__Work order__. Would you return, word for word, the lines of the data below from the line with "مايورال-فستان شيفون لون" through the line with "Wall Corner Protectors", and no others?
**********
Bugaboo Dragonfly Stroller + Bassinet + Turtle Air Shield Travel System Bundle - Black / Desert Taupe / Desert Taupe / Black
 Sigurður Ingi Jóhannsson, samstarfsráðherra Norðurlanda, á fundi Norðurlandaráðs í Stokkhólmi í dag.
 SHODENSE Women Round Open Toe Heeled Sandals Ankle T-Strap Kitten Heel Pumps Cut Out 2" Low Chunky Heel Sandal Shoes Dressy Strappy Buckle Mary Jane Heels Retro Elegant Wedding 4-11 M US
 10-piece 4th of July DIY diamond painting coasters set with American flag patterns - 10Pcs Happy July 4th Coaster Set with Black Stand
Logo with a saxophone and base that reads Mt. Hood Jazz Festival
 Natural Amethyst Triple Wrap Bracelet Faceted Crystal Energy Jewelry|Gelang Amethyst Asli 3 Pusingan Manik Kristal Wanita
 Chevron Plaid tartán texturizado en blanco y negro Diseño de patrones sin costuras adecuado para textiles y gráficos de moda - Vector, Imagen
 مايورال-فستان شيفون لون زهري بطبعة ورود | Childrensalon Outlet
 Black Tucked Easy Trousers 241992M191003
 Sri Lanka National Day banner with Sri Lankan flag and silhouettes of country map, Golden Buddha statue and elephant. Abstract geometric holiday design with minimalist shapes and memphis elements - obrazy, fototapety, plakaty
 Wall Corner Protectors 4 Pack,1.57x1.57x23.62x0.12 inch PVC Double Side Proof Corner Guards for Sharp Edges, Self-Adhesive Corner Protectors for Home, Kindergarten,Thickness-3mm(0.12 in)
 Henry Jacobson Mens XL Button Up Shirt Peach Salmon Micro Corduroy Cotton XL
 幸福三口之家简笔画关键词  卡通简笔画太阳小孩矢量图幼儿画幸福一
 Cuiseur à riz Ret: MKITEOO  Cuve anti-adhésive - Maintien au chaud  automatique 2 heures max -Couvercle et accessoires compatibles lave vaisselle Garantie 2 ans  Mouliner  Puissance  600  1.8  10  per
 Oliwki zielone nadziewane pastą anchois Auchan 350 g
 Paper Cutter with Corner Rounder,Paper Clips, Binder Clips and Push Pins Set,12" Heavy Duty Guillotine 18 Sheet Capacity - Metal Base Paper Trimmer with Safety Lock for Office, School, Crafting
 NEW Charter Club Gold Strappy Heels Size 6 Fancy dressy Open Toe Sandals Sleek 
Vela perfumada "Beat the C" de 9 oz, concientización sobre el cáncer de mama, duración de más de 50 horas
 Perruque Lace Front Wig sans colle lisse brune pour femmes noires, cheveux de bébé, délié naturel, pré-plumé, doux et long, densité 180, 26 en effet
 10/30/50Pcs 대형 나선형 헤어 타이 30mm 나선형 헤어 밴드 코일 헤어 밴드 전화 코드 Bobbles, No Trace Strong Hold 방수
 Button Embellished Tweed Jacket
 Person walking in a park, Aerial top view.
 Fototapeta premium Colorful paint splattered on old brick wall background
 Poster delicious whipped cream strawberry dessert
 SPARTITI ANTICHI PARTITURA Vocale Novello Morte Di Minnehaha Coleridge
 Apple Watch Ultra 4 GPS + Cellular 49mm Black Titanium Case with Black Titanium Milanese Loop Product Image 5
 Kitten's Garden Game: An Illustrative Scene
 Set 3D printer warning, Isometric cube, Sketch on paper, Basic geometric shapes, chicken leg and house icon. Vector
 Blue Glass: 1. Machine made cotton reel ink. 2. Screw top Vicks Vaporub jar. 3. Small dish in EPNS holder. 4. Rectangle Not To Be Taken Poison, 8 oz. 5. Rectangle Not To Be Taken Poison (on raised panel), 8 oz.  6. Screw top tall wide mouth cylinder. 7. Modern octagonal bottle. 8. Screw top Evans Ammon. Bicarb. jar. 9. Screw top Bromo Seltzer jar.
**********
__Solution for this problem__.
 مايورال-فستان شيفون لون زهري بطبعة ورود | Childrensalon Outlet
 Black Tucked Easy Trousers 241992M191003
 Sri Lanka National Day banner with Sri Lankan flag and silhouettes of country map, Golden Buddha statue and elephant. Abstract geometric holiday design with minimalist shapes and memphis elements - obrazy, fototapety, plakaty
 Wall Corner Protectors 4 Pack,1.57x1.57x23.62x0.12 inch PVC Double Side Proof Corner Guards for Sharp Edges, Self-Adhesive Corner Protectors for Home, Kindergarten,Thickness-3mm(0.12 in)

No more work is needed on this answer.